I anticipate the overwhelming majority of people in the US today would say that the LTND is undesirable. It is of course everyone’s right to have an opinion. My response, however, is to ask anyone who says “no, this is not how I want to live,” to suggest a better plan that meets the criteria laid out above: net-zero emissions and long-term, stable-state economy, subsistence, and ecosystems. Your critiques are welcome, but please provide a better solution where you find faults. Simply throwing up our hands and saying, “this is a terrible idea because nobody will want to live like that,” is not a valid critique: I refuse to live in a Mad Max future because everyone tears down solutions without presenting better alternatives.

The reason that this is so difficult is because we don’t want to give up our current way of life, but unfortunately our descendants won’t have much of a choice. It is up to us to give them something stable to inherit now, while we still have time to choose.


This is part of a series on the proposed Green New Deal. Click here for an archive of all related posts.

Disclaimer: The Low Technology Institute is a 501(c)(3) nonprofit research and educational organization and as such is banned from directly endorsing any legislation or politician. We can, however, “consider public policy issues in an educational manner,” which is the goal of this series. Relevant IRS information here.

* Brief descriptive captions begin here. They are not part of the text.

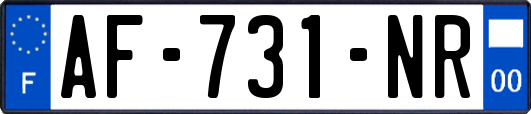 AF-731-NR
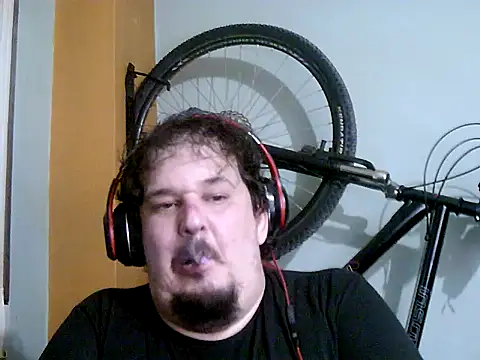 porkorossy online show from March 16, 2025, 3:47 am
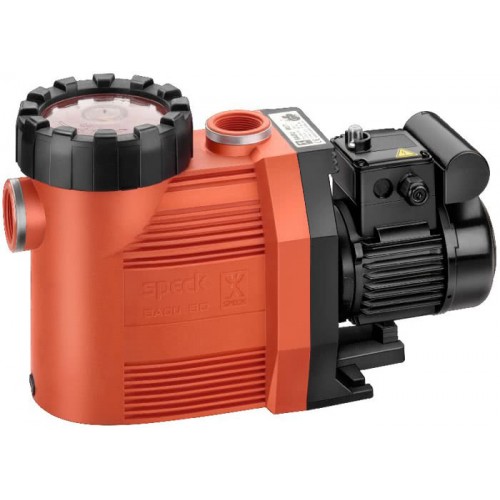 Насосы серии BADU 90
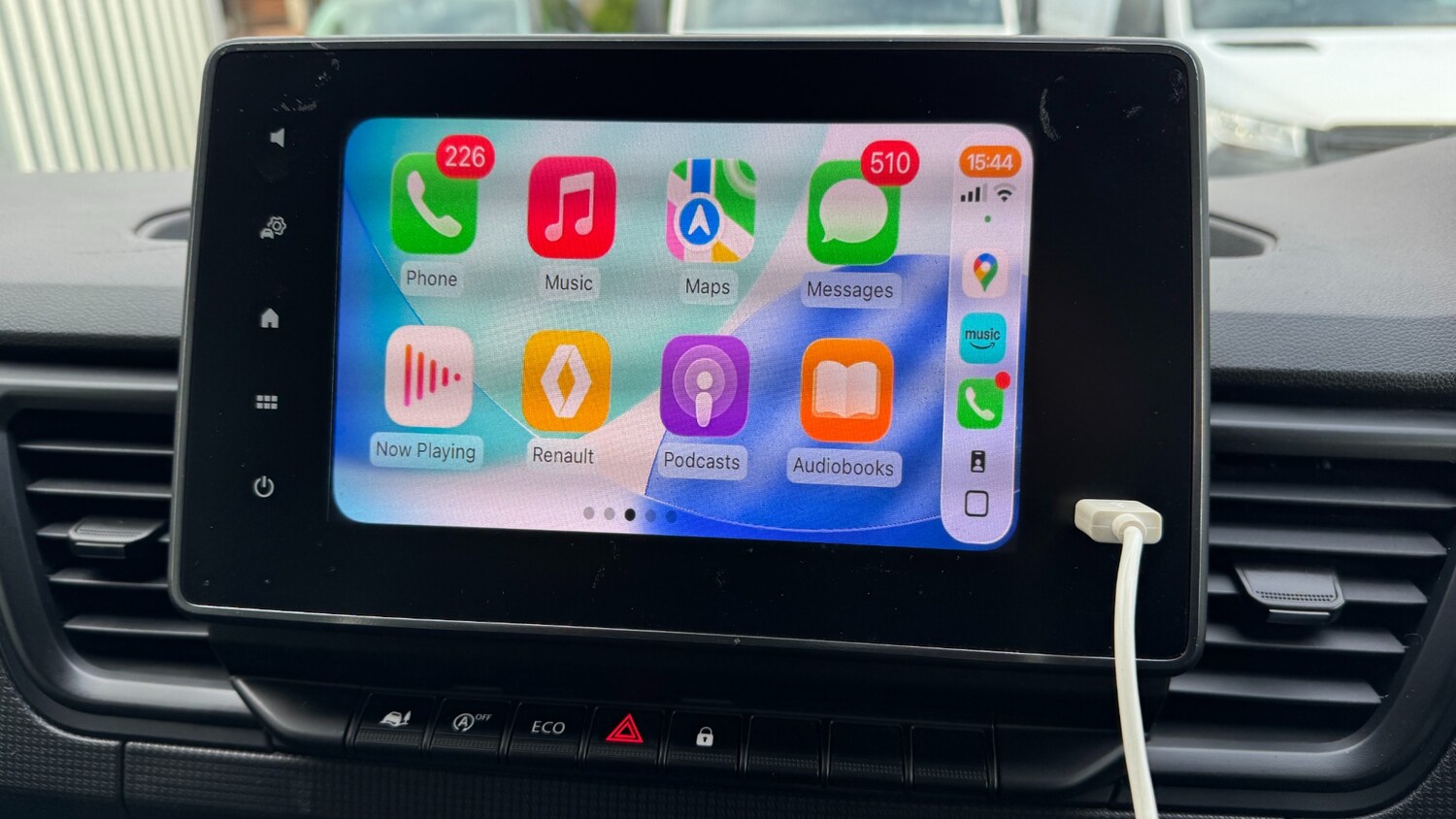 Used Renault Trafic 2023 for sale - 77570452: Photo 16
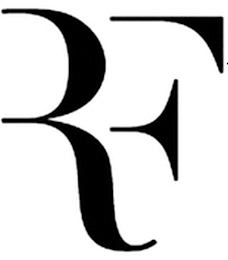 RF logo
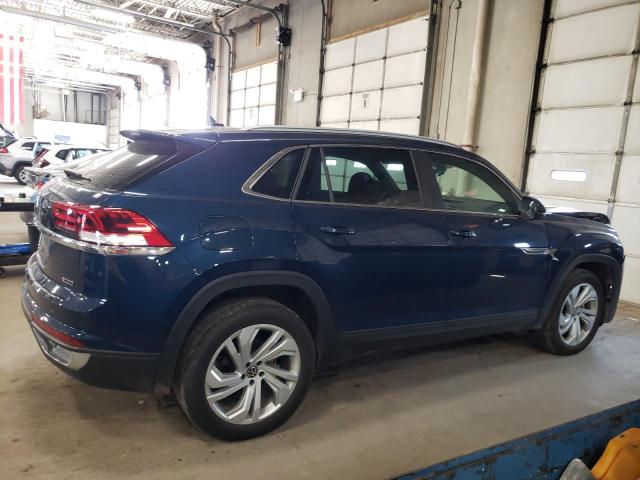 Photo 2 VIN: 1V2BC2CA1MC230665 - VOLKSWAGEN ATLAS CROS 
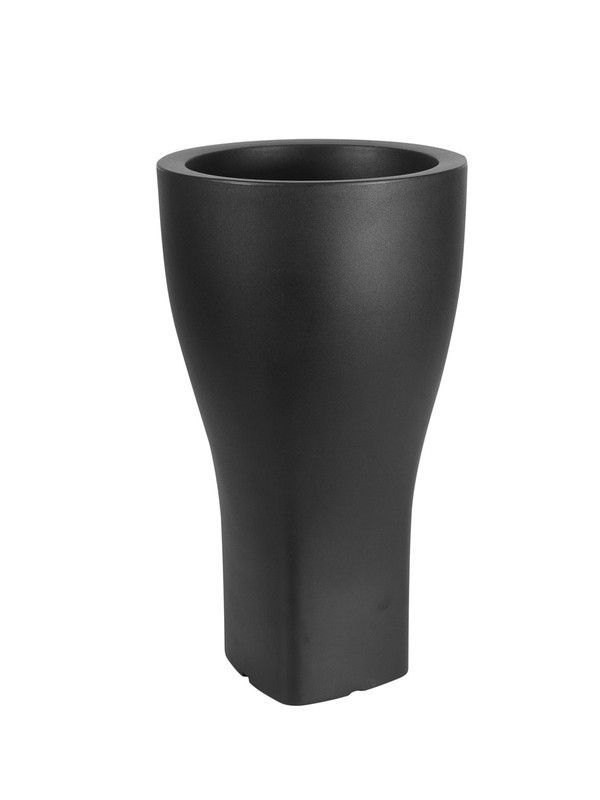 Jardinera resina Domus 48x60 cm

11 thoughts on “Green New Deal: How About A “Low Tech New Deal”?

  1. Put me down as a like. Energy and water flux.
    Reminds me of Kim Stanley Robinson’s Gold Coast series, on the positive side, and Riddley Walker on the other.

  2. Thank you for putting this out there – we all need realistic visions to guide us to a more ecologically sound future. I think it could strengthen your argument if you were to dedicate a bit more text to expounding on the physical limitations that make the current order of things untenable in the long-term.
    Public opinion needs to shift substantially before a proposal like the one in this blog post can be taken seriously by society at large. I think that this is a good contribution to that shift, but there remains a deep chasm between the status quo and the type of thinking at work in this article. We need to build a bridge to help people make those connections and build understanding as to why it is necessary to think this way. I really admire the work of James Kunstler in this regard. He tends to be hyperbolic and alarmist, but his big picture point of view is dead accurate.

    In very general terms, there is much delusion as to the „sustainability“ of modern life. Most people do not have a well-developed understanding of the implications of our extreme reliance on non-renewable energy sources, and conversely there tends to be little recognition of the true extents of our reliance on ecological systems. It is plain to see how this affects the conversation surrounding the Green New Deal – the vast majority of people are simply blind or even stubbornly contrarian to the notion that all of our cheap petroleum-derived material wealth carries with it a serious threat to the viability of life on earth as we know it. It gives me hope, however, to see that this conversation is gaining ground.

    Thank you for your perspective – I hope it spreads!

  3. It’s January 2024, and I just found the Low Tech Institute last month. It fits right in with the other people and institutes I follow: Nate Hagens and The Great Simplification, the Post Carbon Institute postcarbon.org and its companion resilience.org, the Center for the Advancement of a Steady State Economy steadystate.org, and Low Tech Magazine by Kris deDecker. I also have a collection of Stuart McMillan graphic novels including Energy Slaves. I love the conciseness of your paragraph on how many sq miles of solar panels it would take to power the US. You might like Life after Fossil Fuels by Alice J. Friedemann who also has energyskeptic.com. The US “left” is almost as gaslit as the US “right”. Impossible to reach some people, people who claim to want to heal the world. Thank you for all your research. I put in a plug for you with the Post Carbon Institute.